Stored records:
════════════════════

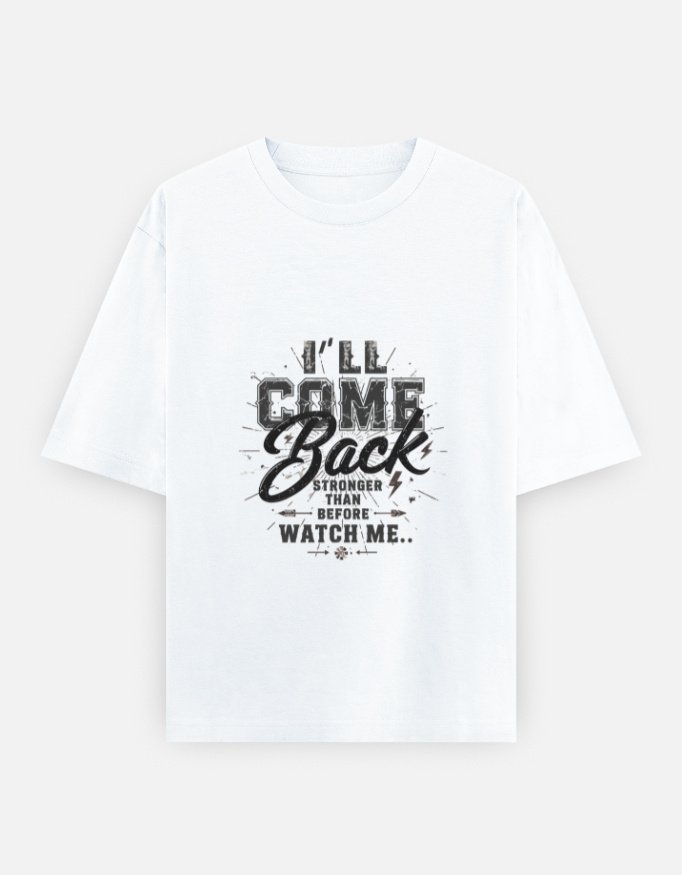 Motivational T-Shirt White Graphic Tee | Luxury Car Highway Style - Image 6
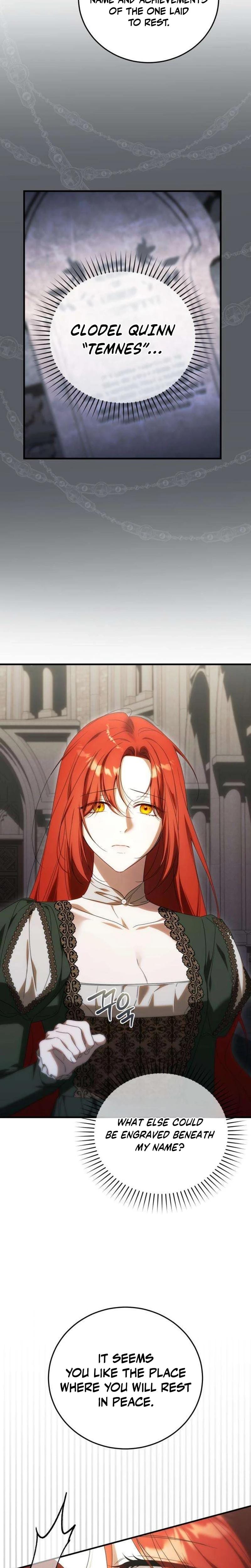 I Carried My Enemy's Child (Uncensored), chapter 2, page 8 of 36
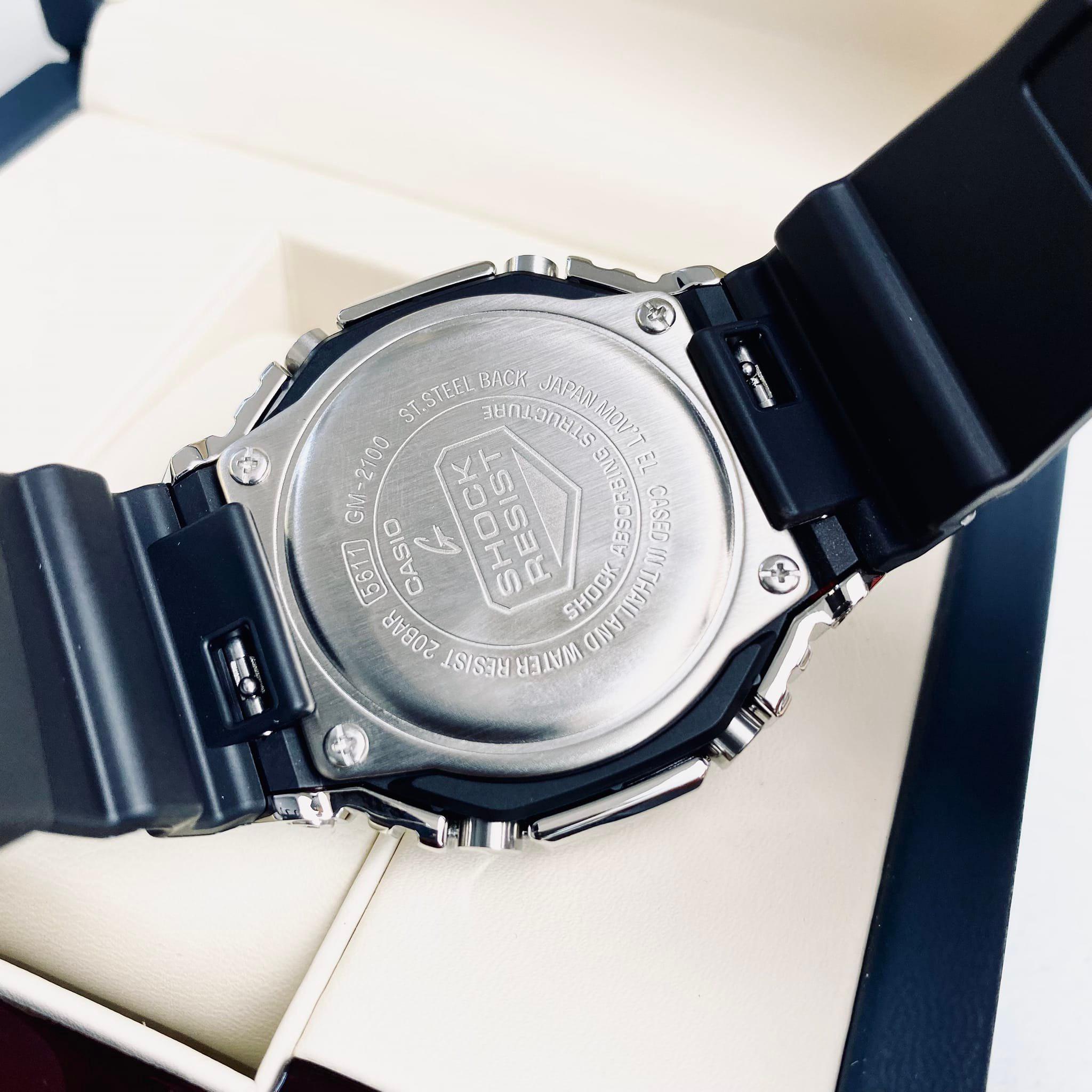 Đồng Hồ Nam Casio GM_2100_1A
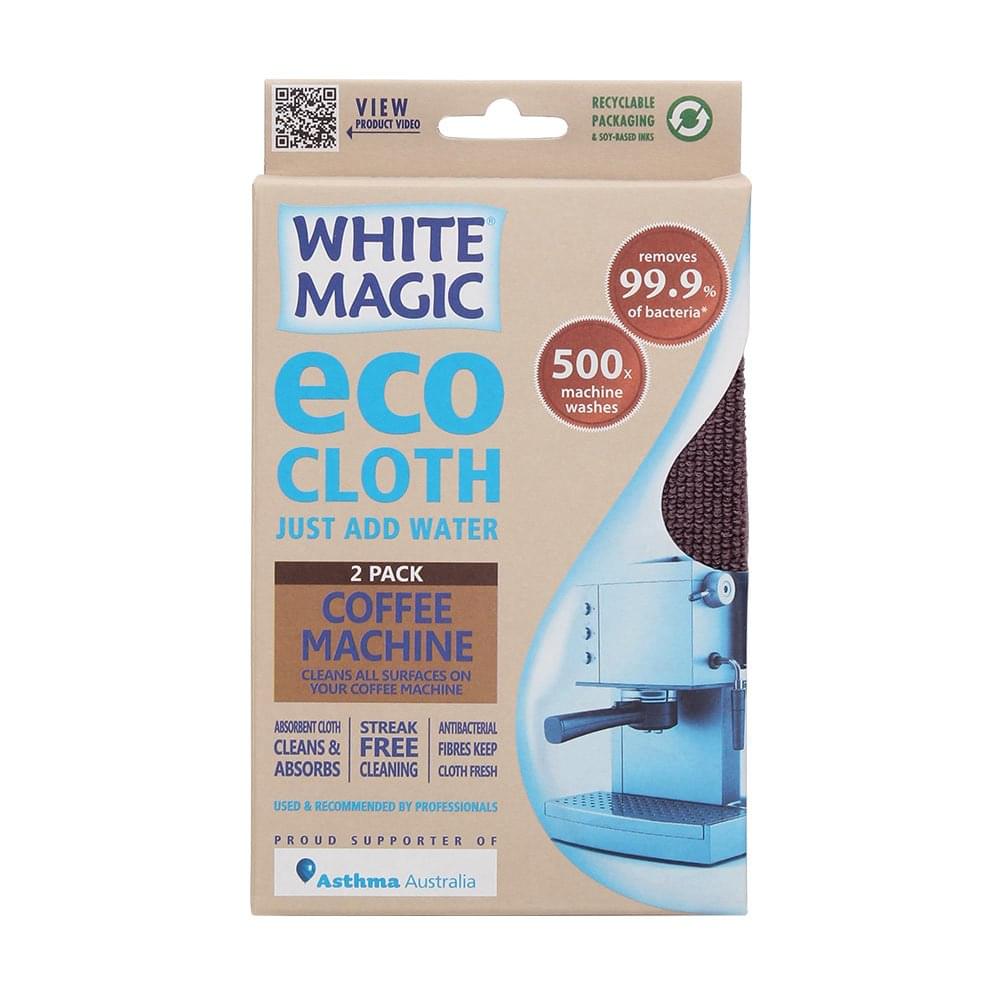 Eco Cloth - Coffee Machine 2 Pack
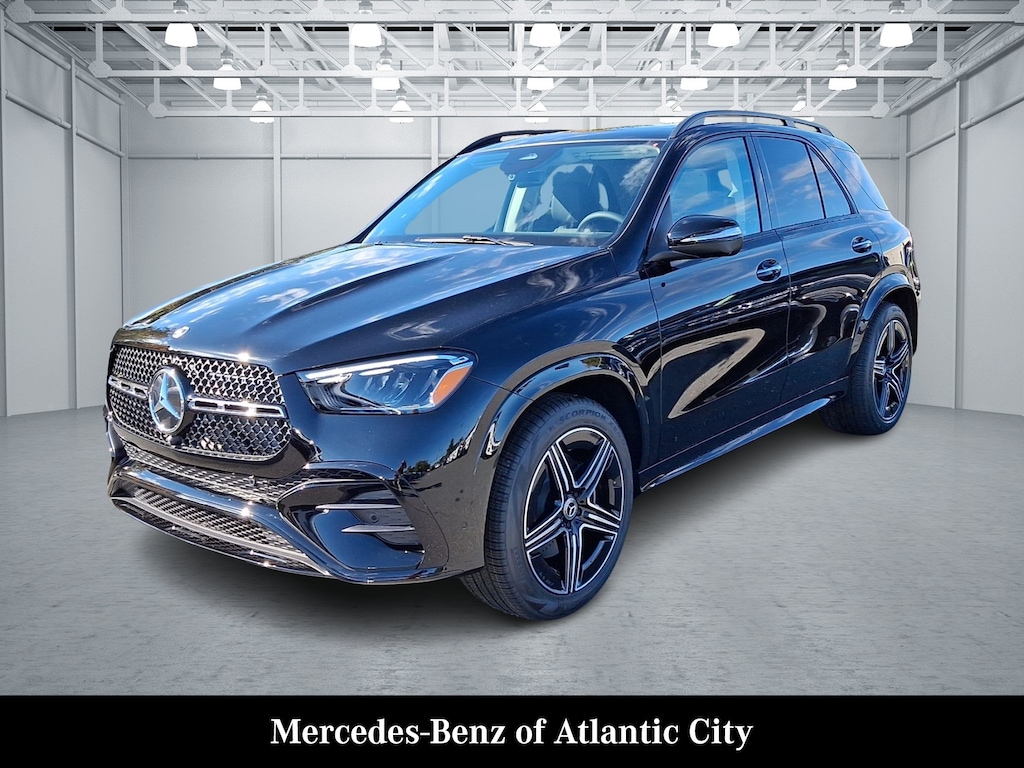 New 2026 Mercedes-Benz GLE 350 4MATIC SUV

════════════════════

Without the images, write out all of the records exactly.

Response area:
 Motivational T-Shirt White Graphic Tee | Luxury Car Highway Style - Image 6
 I Carried My Enemy's Child (Uncensored), chapter 2, page 8 of 36
 Đồng Hồ Nam Casio GM_2100_1A
 Eco Cloth - Coffee Machine 2 Pack
 New 2026 Mercedes-Benz GLE 350 4MATIC SUV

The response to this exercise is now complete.